Some of the best conceptual manufacturing equipment designs that we’ve seen over the past few years have involved altering traditional processes into more simplified approaches that strip away the complexities in favor of the bare minimum. Among others that come to mind instantly is Dave Hakkens’ Precious Plastic project – where he has simplified traditional plastic manufacturing processes including injection and rotational molding into open source designs that anybody can build and produce objects using recycled plastic.
More recently, France-based deFact Studio has created their own simplified manufacturing device that closely mimics a mechanical ceramic RAM process, however their version uses little more than some objects that are commonly found in a hardware store.
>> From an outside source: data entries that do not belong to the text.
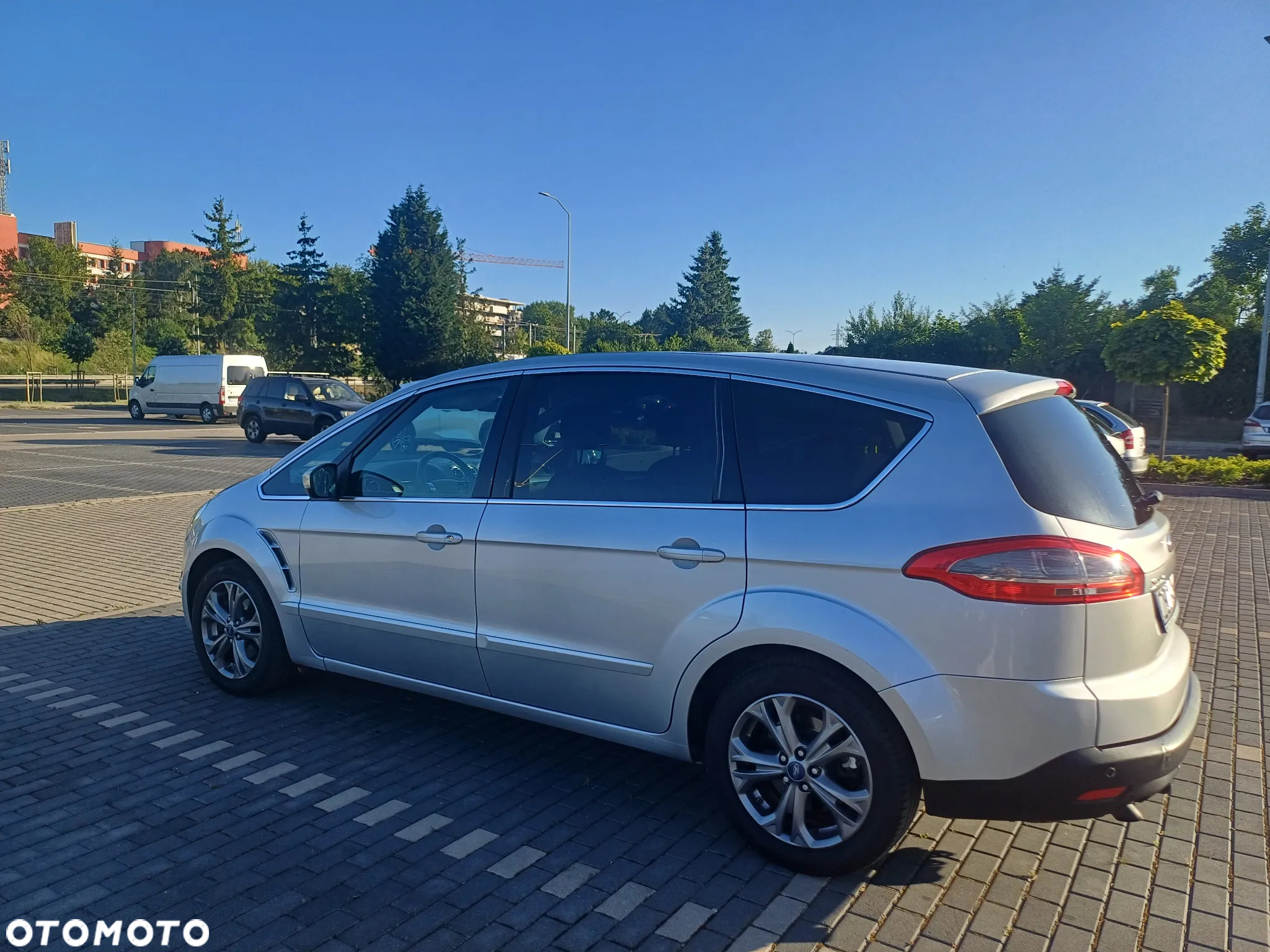 Ford S-Max 1.6 T Titanium - 6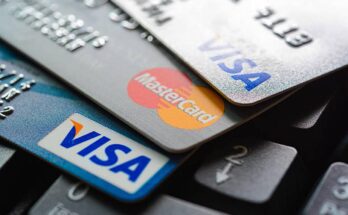 India Credit Card Market Share, Analysis, Growth, Trends & Forecast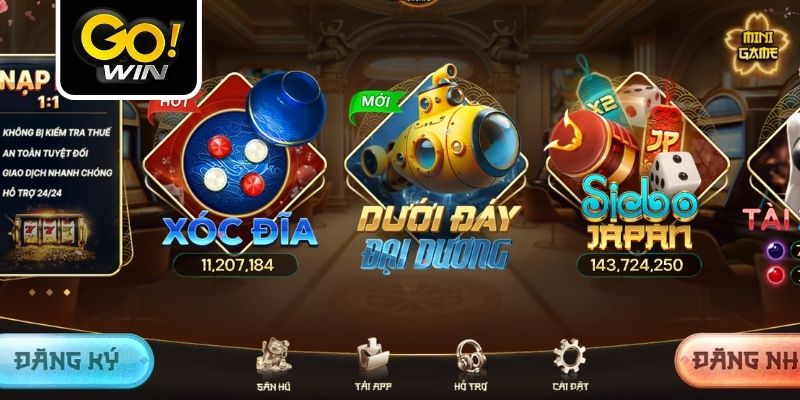 Giới thiệu đôi nét về sảnh bắn cá tại B52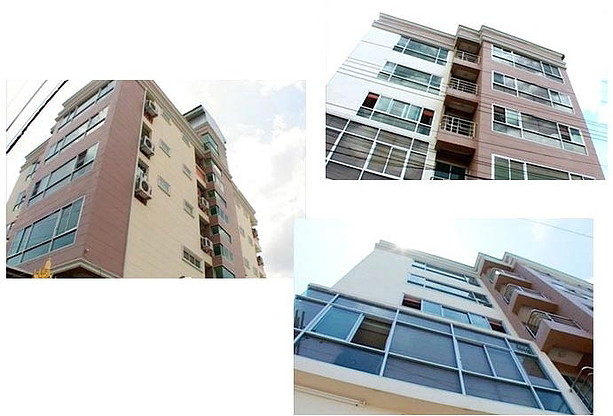 1 Bed Condo · Lat Phrao, bangkok — photo 1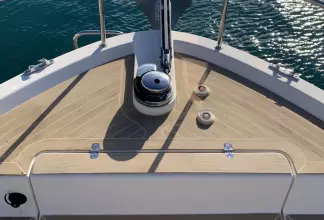 Thumbnail von Delphia Escape 1350 Delphia Yachts Escape 1350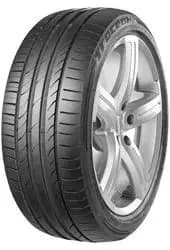 Tracmax 215/55 R18 99V X Privilo TX3 XL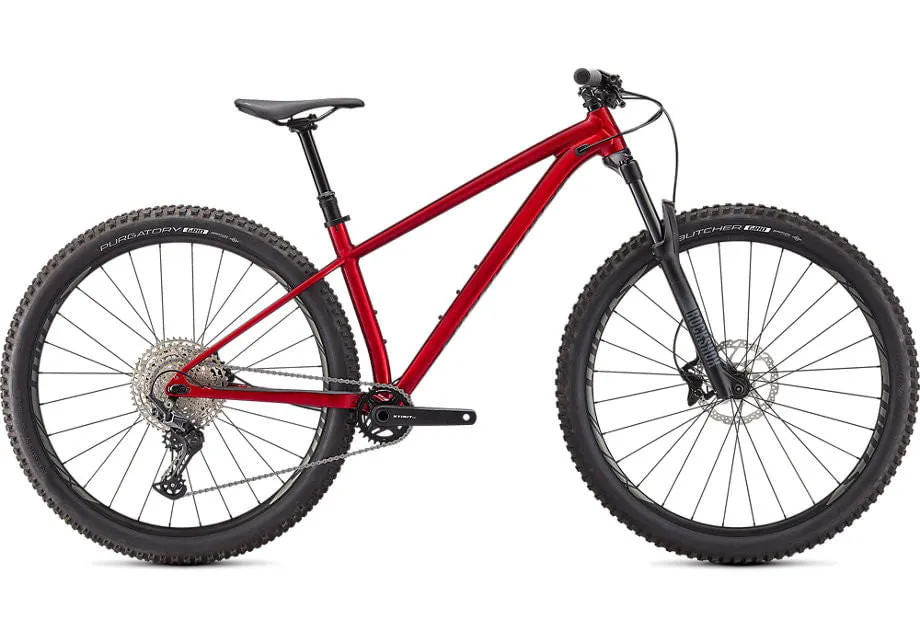 Specialized Fuse Comp 29 Mountain Bike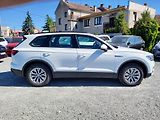 Volkswagen Touareg 3.0 V6 TDi DSG 4MOTION - náhled 4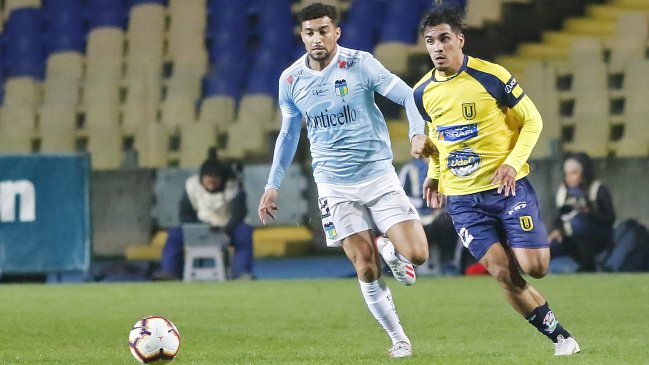 U. de Concepción y O’Higgins se beneficiaron poco al repartir puntos en el fin de la primera rueda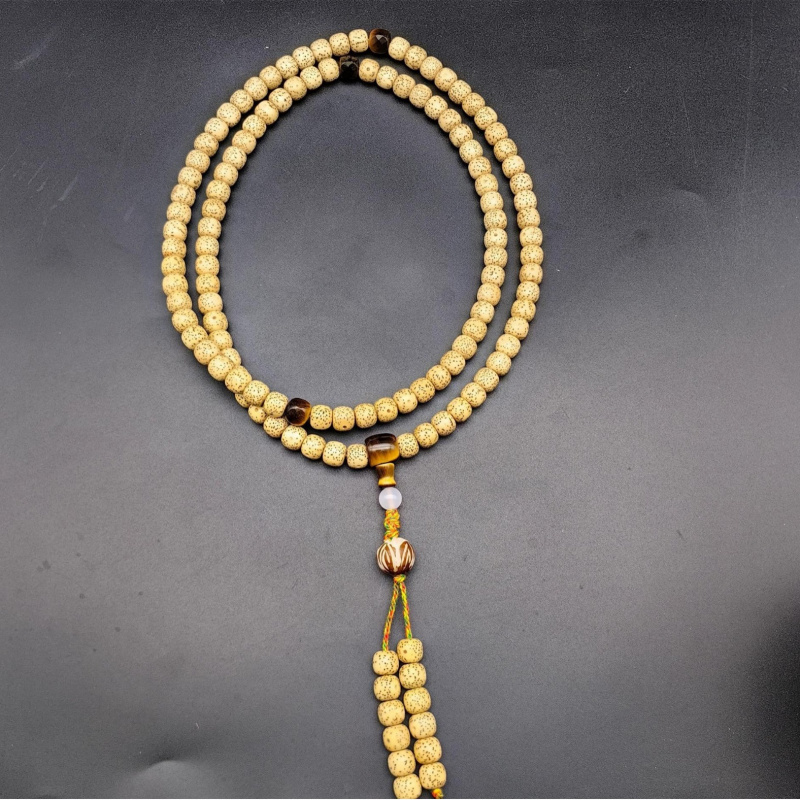 7X9MM Moon Chicken Oil Yellow  - Ethnic Fashion Way 评论和价格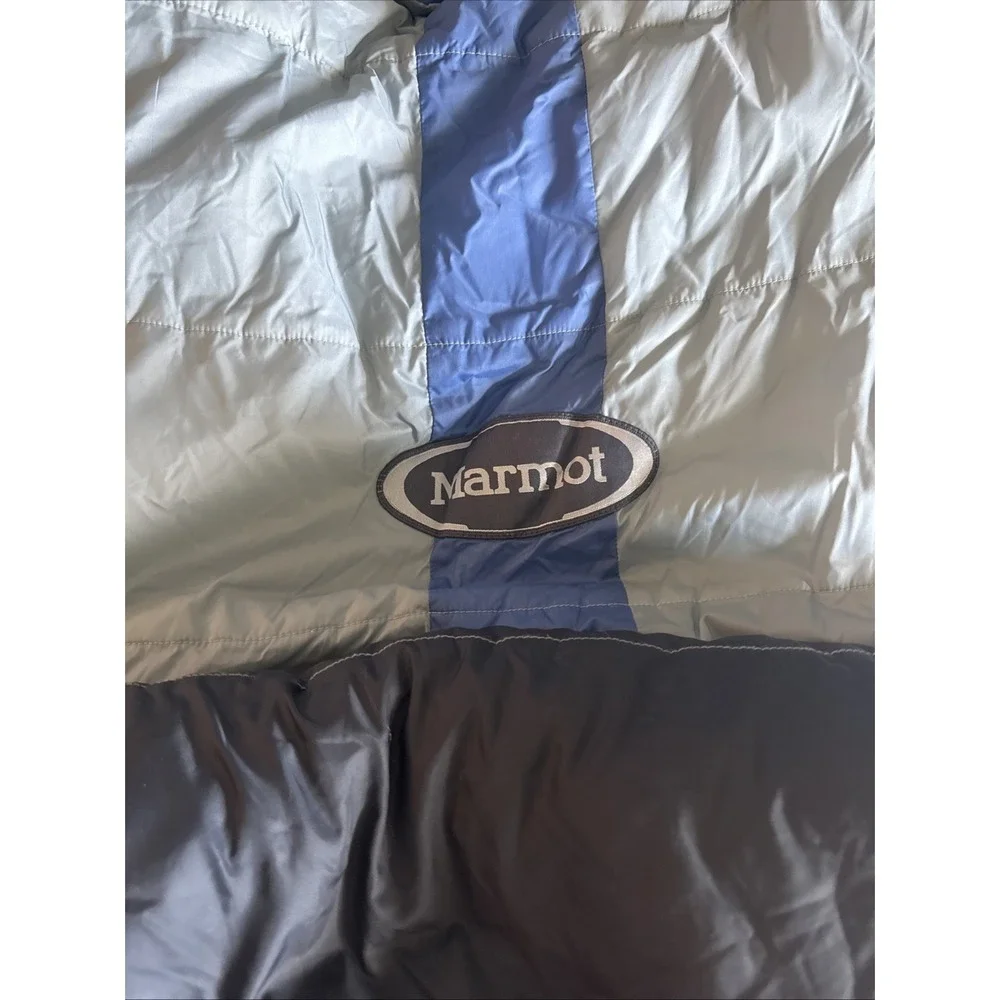 Marmot trestles 15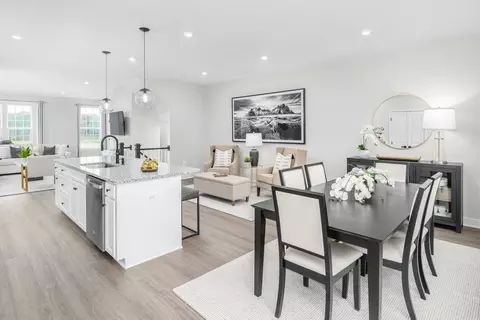 Dining - 9301 Klamath Ct, Frederick, MD 21701 photo 1 of 2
In a traditional RAM process, a mechanical hydraulic press compresses clay into permeable dies to create multiples quickly and consistently. Following the pressing process, the object is released through either air or fluid pressure forced through the permeable die. The process is commonly used by larger ceramic product manufacturers and can include the production of products ranging from large planter pots to smaller coffee mugs:
For Copy/Pour, deFact Studio created a similar device that incorporates a pre-determined shape screwed onto a press that is then driven into any number of earth materials ranging from soil to sand. Rather than clay, the designers have chosen to use plaster which helps create a striking contrast between the bright wares themselves and the subsequently attached earth material that resulted from the process:
The device also brings to mind Max Lamb’s Hexagonal Pewter Stool, which was made by pouring molten pewter into a sand mold that was crafted by hand directly on an ocean beach in Cornwall, England. Once the sand pewter had cooled, the sand was dug away to reveal the final stool design:
While the soil-infused designs may not appeal to everybody’s taste, it’s hard to argue that the project is a perfect blend of earth and industry – something that’s a nice contrast amongst our existing sea of dollar store plastics and disposable gadgets.